# PopHealth Observatory
## Population health & nutrition analytics using NHANES survey microdata

This notebook demonstrates how to use the NHANESExplorer (now part of the PopHealth Observatory package) to download, process, and analyze data from the National Health and Nutrition Examination Survey (NHANES). The observatory provides tools to analyze health metrics across demographic groups and survey cycles.

## 1. Import Required Libraries

In [1]:
import pandas as pd
import numpy as np
import requests
import io
import matplotlib.pyplot as plt
import seaborn as sns
import plotly.express as px
import plotly.graph_objects as go
from typing import Dict, List, Optional, Tuple
import ipywidgets as widgets
from ipywidgets import interact, fixed
import warnings
warnings.filterwarnings('ignore')

# Set plot styling
plt.style.use('seaborn-v0_8-whitegrid')
sns.set_palette("colorblind")

## 2. Observatory Class Import

We'll import the NHANESExplorer class from the PopHealth Observatory package (`pophealth_observatory`).

In [5]:
# Import the NHANESExplorer class from the PopHealth Observatory package
from pophealth_observatory import NHANESExplorer

# Initialize the explorer
explorer = NHANESExplorer()

# Display the available survey cycles and components
print("Available NHANES survey cycles:")
print(explorer.available_cycles)
print("\nAvailable data components:")
for name, code in explorer.components.items():
    print(f"  - {name}: {code}")

Available NHANES survey cycles:
['2017-2018', '2015-2016', '2013-2014', '2011-2012', '2009-2010']

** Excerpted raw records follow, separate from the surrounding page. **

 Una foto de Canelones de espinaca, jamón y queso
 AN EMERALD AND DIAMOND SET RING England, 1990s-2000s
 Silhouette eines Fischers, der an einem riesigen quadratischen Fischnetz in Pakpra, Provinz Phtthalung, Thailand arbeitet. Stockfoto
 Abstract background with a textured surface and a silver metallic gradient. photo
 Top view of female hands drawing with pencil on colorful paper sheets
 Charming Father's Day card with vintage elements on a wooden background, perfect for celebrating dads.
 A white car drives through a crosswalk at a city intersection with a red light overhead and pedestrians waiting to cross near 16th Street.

Available data components:
  - demographics: DEMO
  - body_measures: BMX
  - blood_pressure: BPX
  - cholesterol: TCHOL
  - diabetes: GLU
  - dietary: DR1TOT
  - physical_activity: PAQ
  - smoking: SMQ
  - alcohol: ALQ


## 3. Data Acquisition

Let's download some key NHANES data components for the most recent survey cycle (2017-2018).

In [None]:
# Choose a valid cycle (ensure it exists in explorer.cycle_suffix_map)
cycle_debug = '2017-2018'  # try '2021-2022' or others from explorer.available_cycles
component_code = explorer.components['demographics']

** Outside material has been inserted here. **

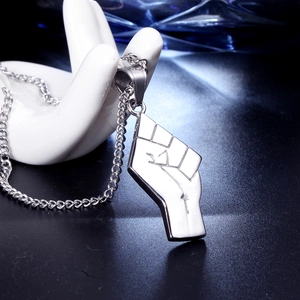 Polished stainless steel clenched fist pendant necklace set on a decorative hand model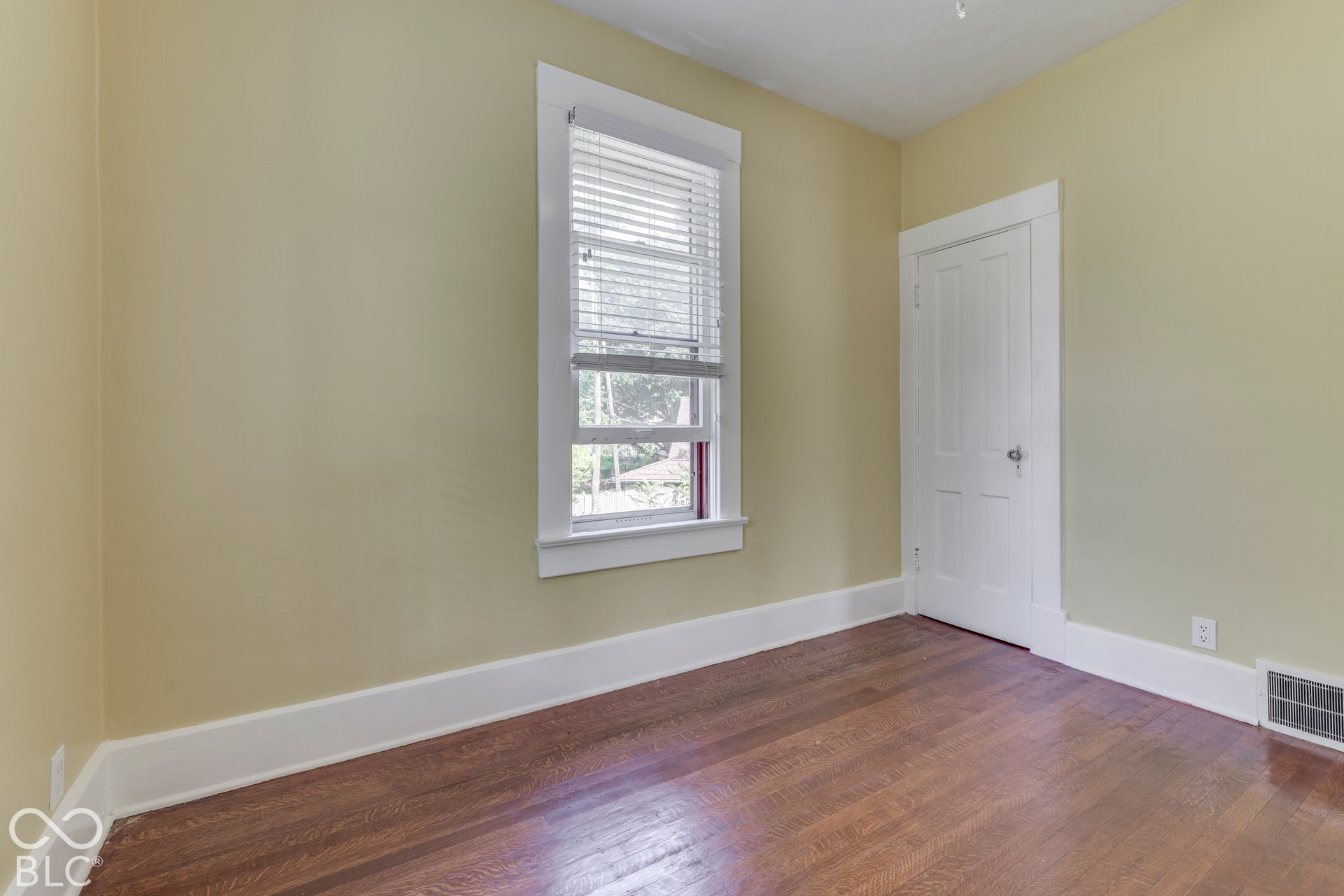 Unit 3 Hardwood flooring, painted walls, white trim, a single window with blinds, and a paneled interior door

# 1. Derive letter suffix & candidate URLs (mirrors updated logic)
letter = explorer.cycle_suffix_map.get(cycle_debug, 'UNKNOWN') if hasattr(explorer, 'cycle_suffix_map') else 'NA'
print('Cycle:', cycle_debug, '| Letter suffix:', letter)

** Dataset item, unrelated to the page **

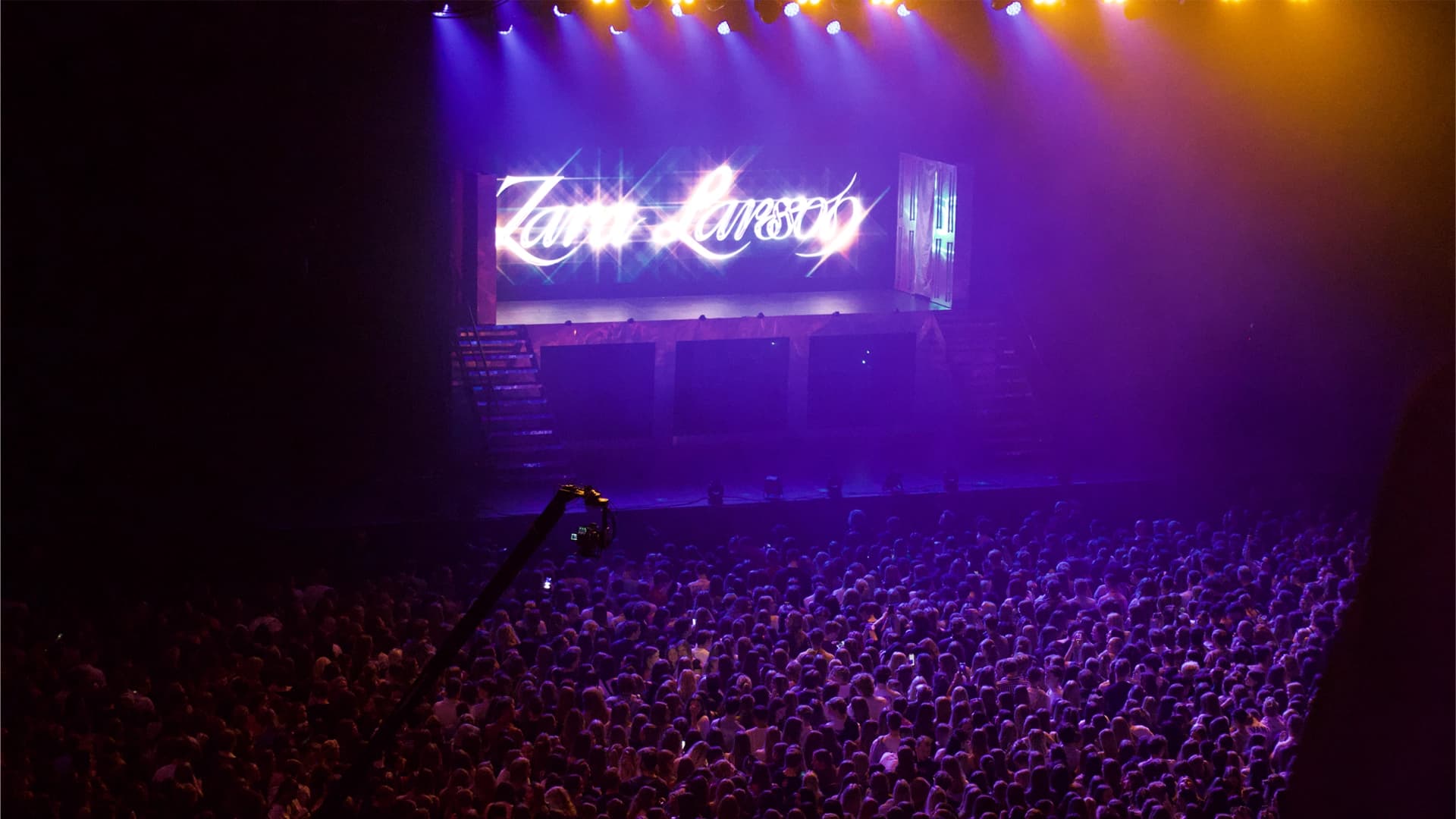 A large crowd of spectators at a concert venue with the stage in the background illuminated by a sign.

base_url = getattr(explorer, 'base_url', 'N/A')
alt_base = getattr(explorer, 'alt_base_url', 'N/A')
primary = f"{base_url}/{cycle_debug}/{component_code}_{letter}.XPT"
alt1 = f"{alt_base}/{cycle_debug.split('-')[0]}/DataFiles/{component_code}_{letter}.xpt"
alt2 = f"{alt_base}/{cycle_debug.split('-')[0]}/DataFiles/{component_code}_{letter}.XPT"
CandidateURLs = [primary, alt1, alt2]
print('\nCandidate URLs (in order):')
for u in CandidateURLs:
    print('  ', u)

# 2. Try fetching each URL, report HTTP status
import requests, io
raw_bytes = None
for idx, u in enumerate(CandidateURLs, 1):
    try:
        resp = requests.get(u, timeout=20)
        print(f"Attempt {idx}: {u} -> status {resp.status_code}")
        if resp.status_code == 200:
            raw_bytes = resp.content
            print('  -> Success, size:', len(raw_bytes), 'bytes')
            break
    except Exception as e:
        print(f"  -> Error: {e}")

if raw_bytes is None:
    print('\nNo successful download; stopping here.')
else:
    # 3. Read SAS transport file
    try:
        demo_raw = pd.read_sas(io.BytesIO(raw_bytes), format='xport')
        print('\nRaw demographics shape:', demo_raw.shape)
        print('Columns sample:', list(demo_raw.columns[:20]))
    except Exception as e:
        print('Failed to parse XPT:', e)
        demo_raw = pd.DataFrame()

    # 4. Apply variable selection + renaming (same mapping as in method)
    demo_vars = {
        'SEQN': 'participant_id',
        'RIAGENDR': 'gender',
        'RIDAGEYR': 'age_years',
        'RIDRETH3': 'race_ethnicity',
        'DMDEDUC2': 'education',
        'INDFMPIR': 'poverty_ratio',
        'WTMEC2YR': 'exam_weight',
    }
    available = [c for c in demo_vars if c in demo_raw.columns]
    print('\nVariables present from mapping:', available)
    demo_clean = demo_raw[available].copy() if available else pd.DataFrame()
    if not demo_clean.empty:
        demo_clean = demo_clean.rename(columns={k:v for k,v in demo_vars.items() if k in available})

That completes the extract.